# Work item
The whole listing below is to be copied exactly, with every picture left out.

Material provided Block Start

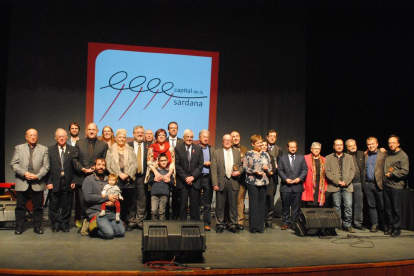 Fotografía de grupo ayer de todos los galardonados durante la entrega de premios celebrada en el teatro L’Amistat de Mollerussa.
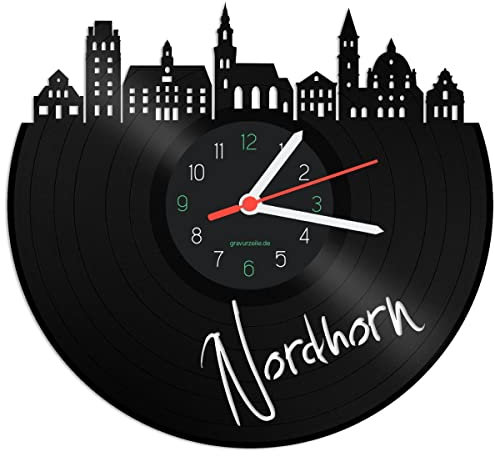 GRAVURZEILE Schallplattenuhr - Skyline Nordhorn - Wanduhr aus gegossenem Vinyl mit Stadt Skyline 30 cm - Upcycling Designer Uhr - Moderne Wanduhr im Retro Vintage Style - Made in Germany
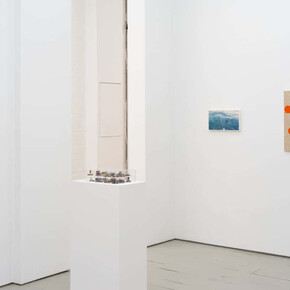 Various artists, Dot, exhibition view. Courtesy of Klaus von Nichtssagend Gallery
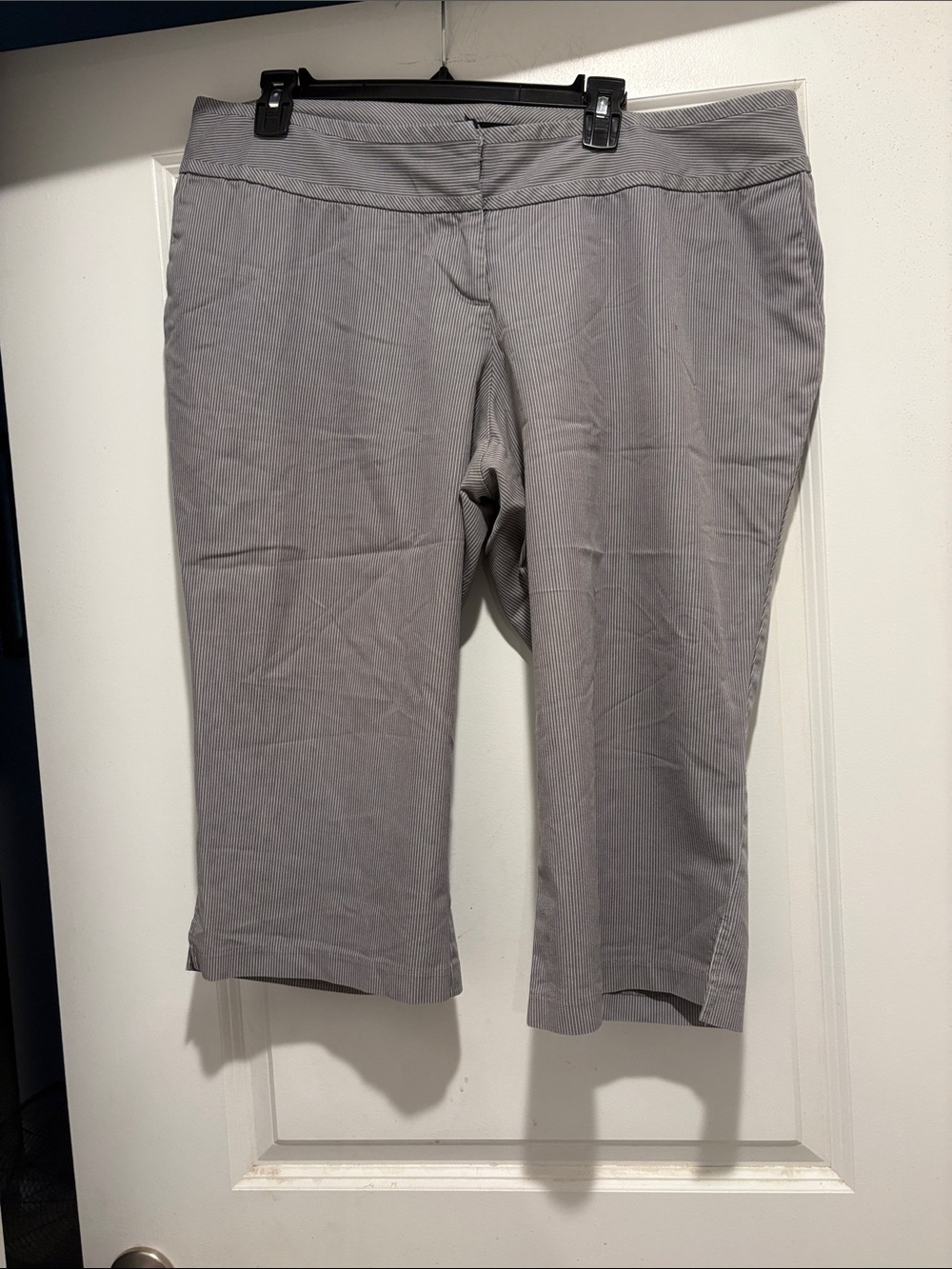 torrid Light Gray Stretch Crop Capris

Material provided Block End

# Solution
 Fotografía de grupo ayer de todos los galardonados durante la entrega de premios celebrada en el teatro L’Amistat de Mollerussa.
 GRAVURZEILE Schallplattenuhr - Skyline Nordhorn - Wanduhr aus gegossenem Vinyl mit Stadt Skyline 30 cm - Upcycling Designer Uhr - Moderne Wanduhr im Retro Vintage Style - Made in Germany
 Various artists, Dot, exhibition view. Courtesy of Klaus von Nichtssagend Gallery
 torrid Light Gray Stretch Crop Capris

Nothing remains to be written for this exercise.